-- Exercise description --
The output has to be the full set of records, reproduced exactly, minus any picture.

Data entries:

────────────────

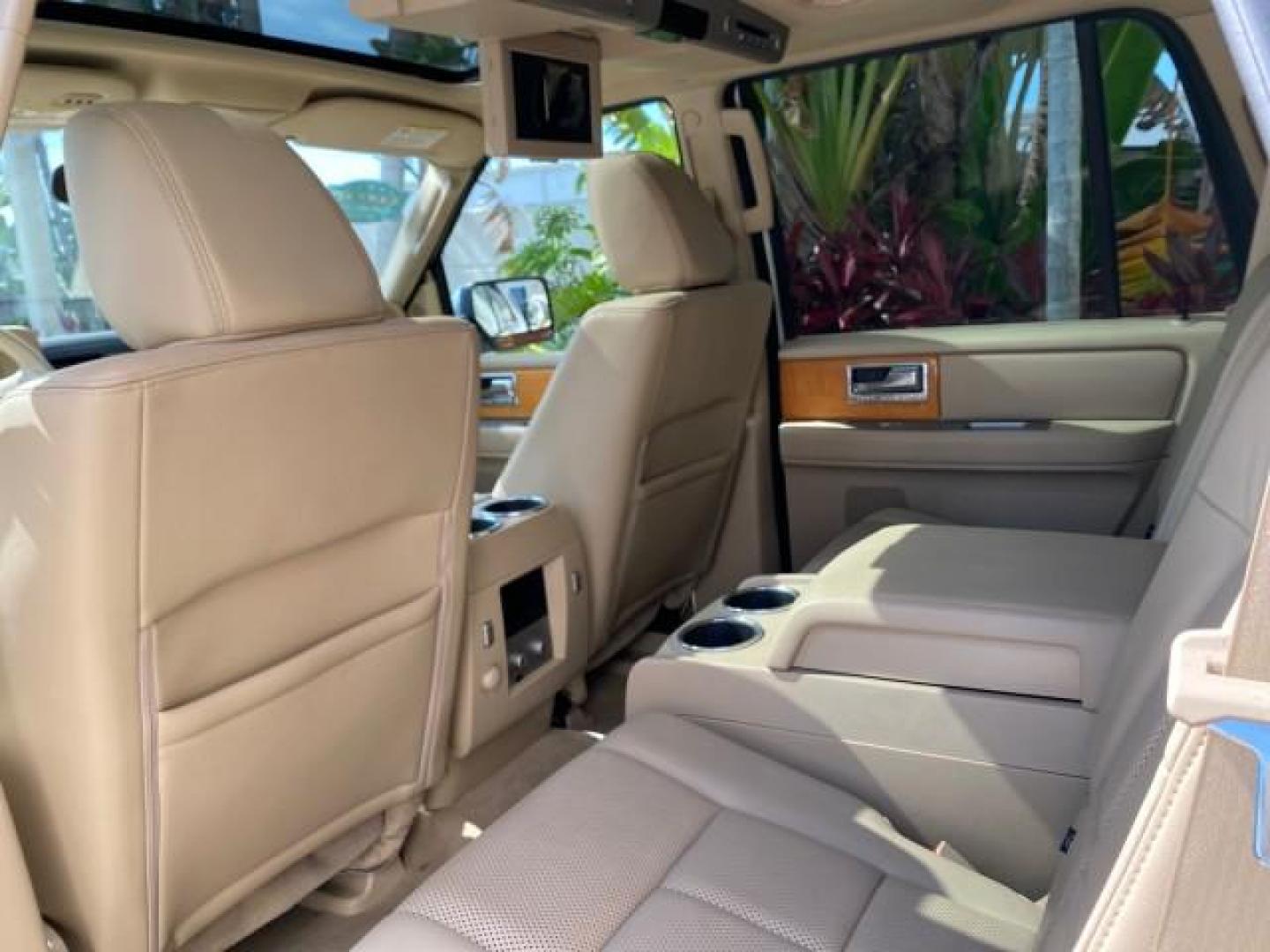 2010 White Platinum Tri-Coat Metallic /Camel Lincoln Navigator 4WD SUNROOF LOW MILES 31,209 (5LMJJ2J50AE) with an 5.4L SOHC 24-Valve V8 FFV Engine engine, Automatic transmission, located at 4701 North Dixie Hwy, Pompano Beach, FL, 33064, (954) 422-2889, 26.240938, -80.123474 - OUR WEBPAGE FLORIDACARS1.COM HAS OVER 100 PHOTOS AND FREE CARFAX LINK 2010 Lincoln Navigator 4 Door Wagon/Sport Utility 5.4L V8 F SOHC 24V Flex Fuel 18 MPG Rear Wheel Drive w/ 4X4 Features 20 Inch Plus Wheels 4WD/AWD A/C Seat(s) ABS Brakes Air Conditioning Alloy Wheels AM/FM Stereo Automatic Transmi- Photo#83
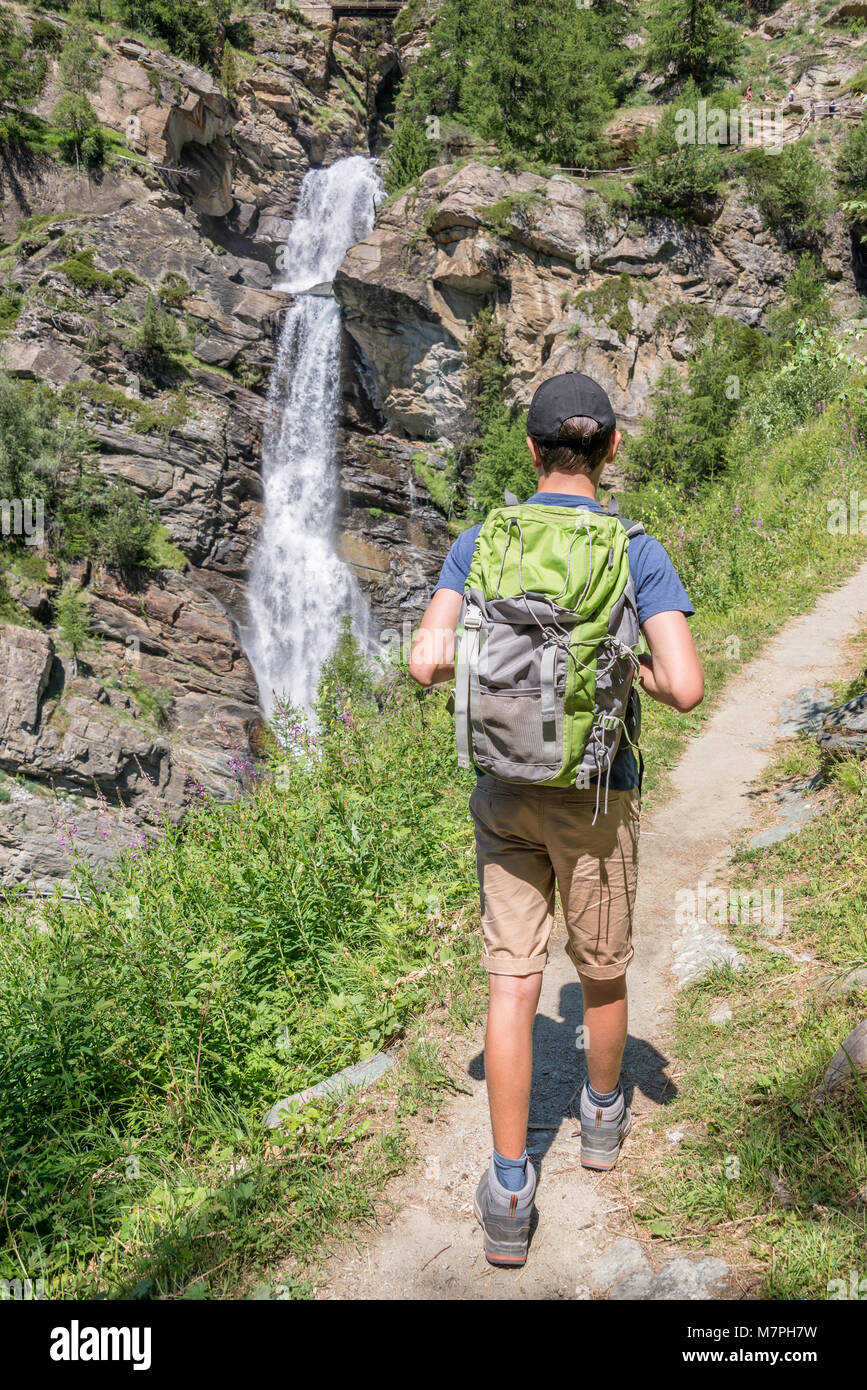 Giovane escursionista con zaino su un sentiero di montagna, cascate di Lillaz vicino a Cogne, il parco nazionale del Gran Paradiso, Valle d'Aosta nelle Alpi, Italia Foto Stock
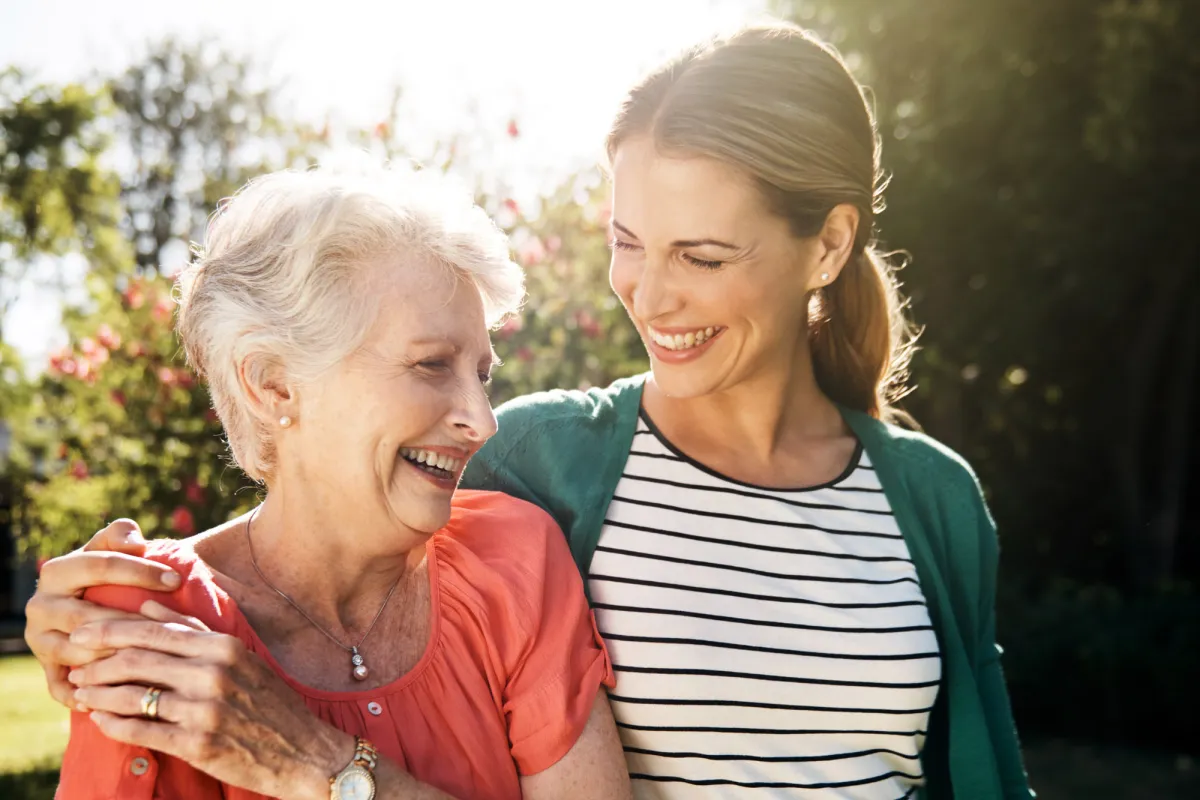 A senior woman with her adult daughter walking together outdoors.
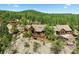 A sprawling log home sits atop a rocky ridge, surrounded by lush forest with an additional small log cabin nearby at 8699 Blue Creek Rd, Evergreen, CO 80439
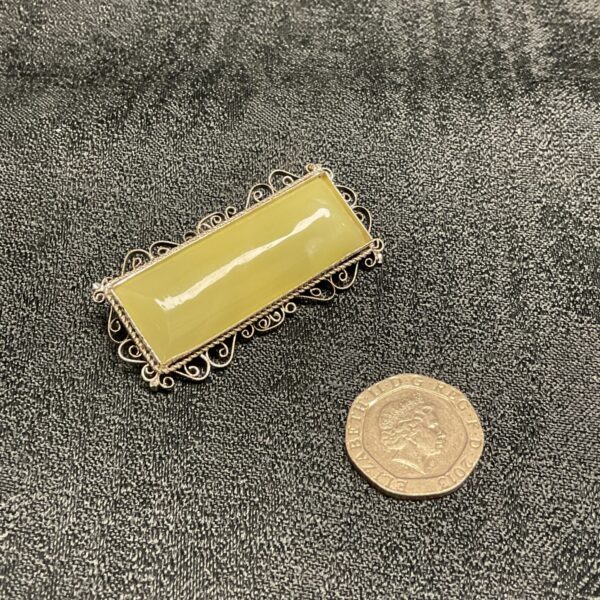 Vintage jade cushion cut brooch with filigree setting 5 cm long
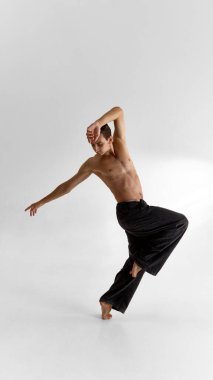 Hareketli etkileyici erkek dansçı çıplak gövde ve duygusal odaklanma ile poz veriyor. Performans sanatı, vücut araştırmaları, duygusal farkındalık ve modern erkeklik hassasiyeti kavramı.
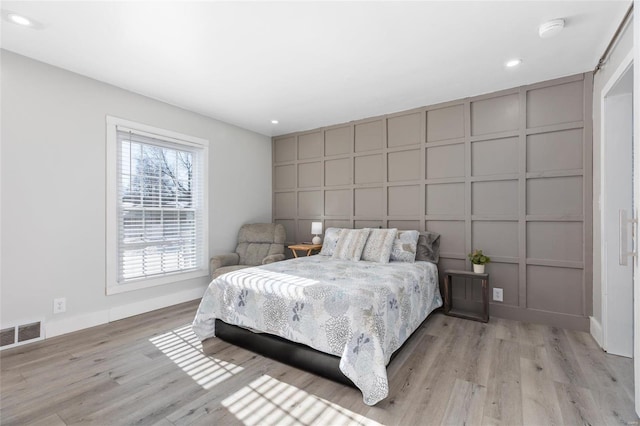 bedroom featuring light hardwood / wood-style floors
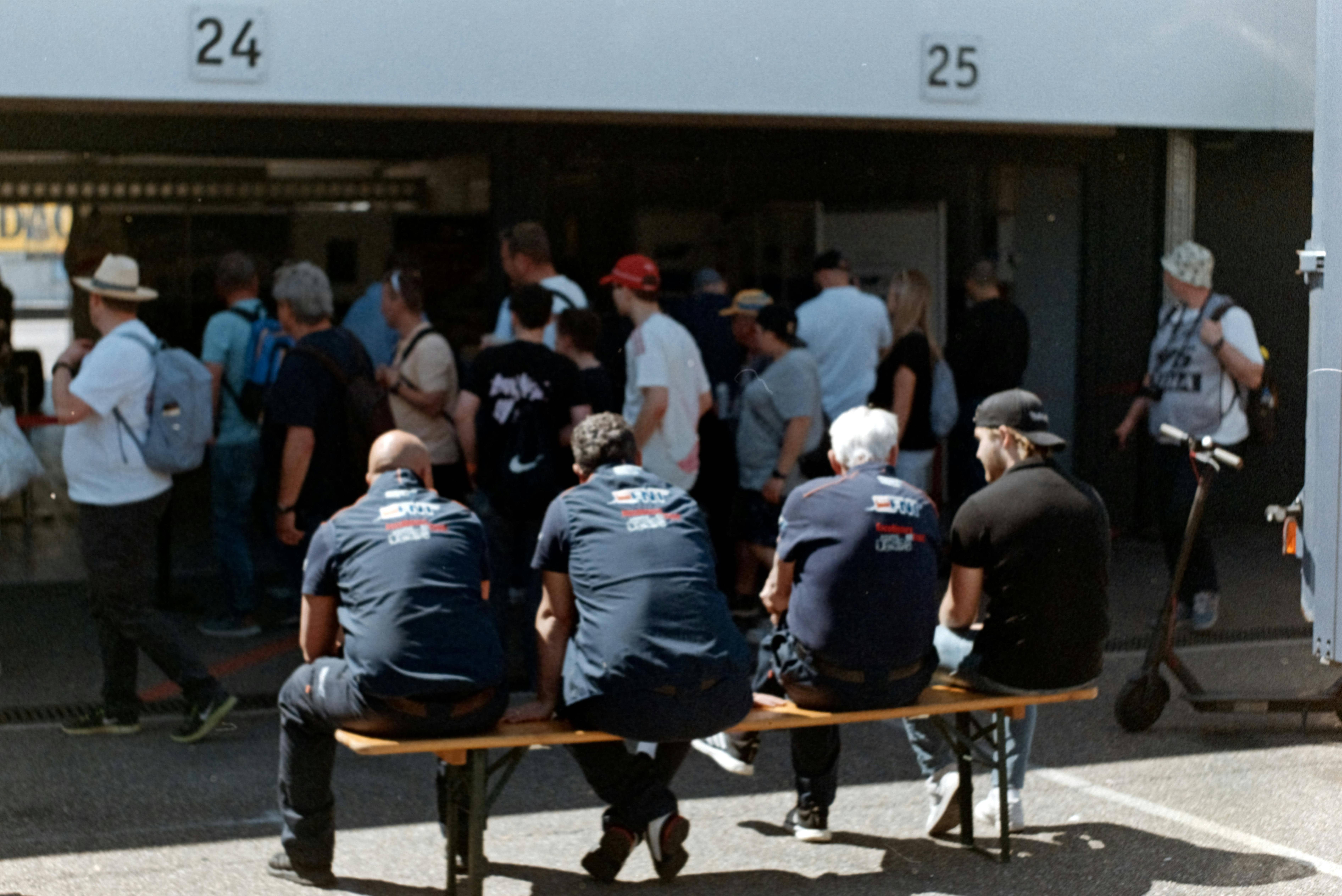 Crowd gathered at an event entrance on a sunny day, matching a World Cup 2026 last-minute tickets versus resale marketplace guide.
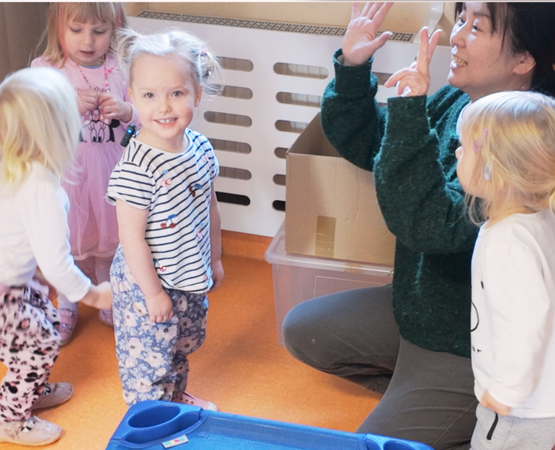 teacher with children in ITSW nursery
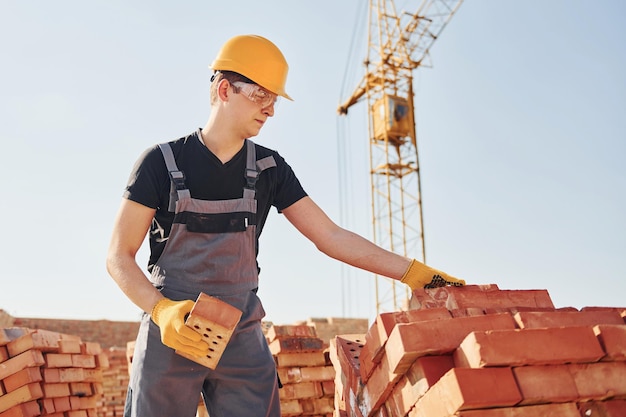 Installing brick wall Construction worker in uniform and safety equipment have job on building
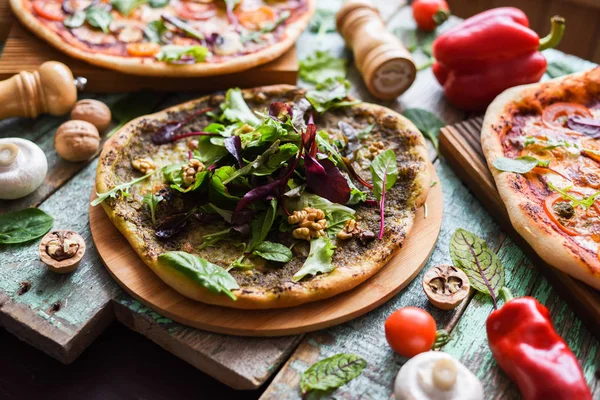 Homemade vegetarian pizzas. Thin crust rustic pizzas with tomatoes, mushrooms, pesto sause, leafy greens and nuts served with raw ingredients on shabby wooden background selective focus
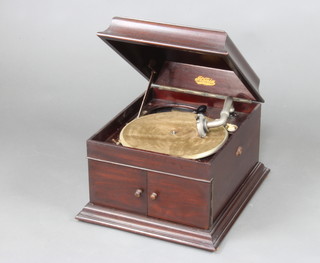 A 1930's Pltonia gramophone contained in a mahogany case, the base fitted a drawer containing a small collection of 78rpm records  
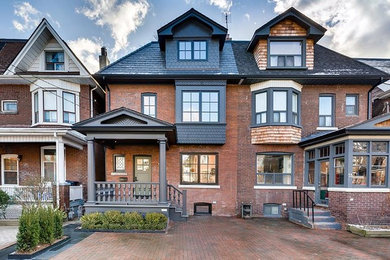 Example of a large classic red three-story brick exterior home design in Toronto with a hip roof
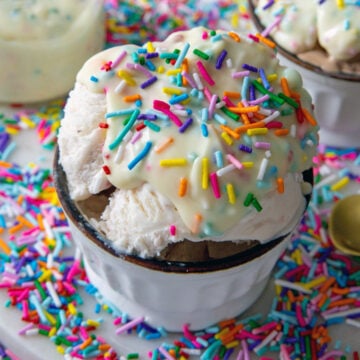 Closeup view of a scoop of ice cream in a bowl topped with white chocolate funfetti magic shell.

────────────────

-- Result --
 2010 White Platinum Tri-Coat Metallic /Camel Lincoln Navigator 4WD SUNROOF LOW MILES 31,209 (5LMJJ2J50AE) with an 5.4L SOHC 24-Valve V8 FFV Engine engine, Automatic transmission, located at 4701 North Dixie Hwy, Pompano Beach, FL, 33064, (954) 422-2889, 26.240938, -80.123474 - OUR WEBPAGE FLORIDACARS1.COM HAS OVER 100 PHOTOS AND FREE CARFAX LINK 2010 Lincoln Navigator 4 Door Wagon/Sport Utility 5.4L V8 F SOHC 24V Flex Fuel 18 MPG Rear Wheel Drive w/ 4X4 Features 20 Inch Plus Wheels 4WD/AWD A/C Seat(s) ABS Brakes Air Conditioning Alloy Wheels AM/FM Stereo Automatic Transmi- Photo#83
 Giovane escursionista con zaino su un sentiero di montagna, cascate di Lillaz vicino a Cogne, il parco nazionale del Gran Paradiso, Valle d'Aosta nelle Alpi, Italia Foto Stock
 A senior woman with her adult daughter walking together outdoors.
 A sprawling log home sits atop a rocky ridge, surrounded by lush forest with an additional small log cabin nearby at 8699 Blue Creek Rd, Evergreen, CO 80439
 Vintage jade cushion cut brooch with filigree setting 5 cm long
 Hareketli etkileyici erkek dansçı çıplak gövde ve duygusal odaklanma ile poz veriyor. Performans sanatı, vücut araştırmaları, duygusal farkındalık ve modern erkeklik hassasiyeti kavramı.
 bedroom featuring light hardwood / wood-style floors
 Crowd gathered at an event entrance on a sunny day, matching a World Cup 2026 last-minute tickets versus resale marketplace guide.
 teacher with children in ITSW nursery
 Installing brick wall Construction worker in uniform and safety equipment have job on building
 Homemade vegetarian pizzas. Thin crust rustic pizzas with tomatoes, mushrooms, pesto sause, leafy greens and nuts served with raw ingredients on shabby wooden background selective focus
 A 1930's Pltonia gramophone contained in a mahogany case, the base fitted a drawer containing a small collection of 78rpm records  
 Example of a large classic red three-story brick exterior home design in Toronto with a hip roof
 Closeup view of a scoop of ice cream in a bowl topped with white chocolate funfetti magic shell.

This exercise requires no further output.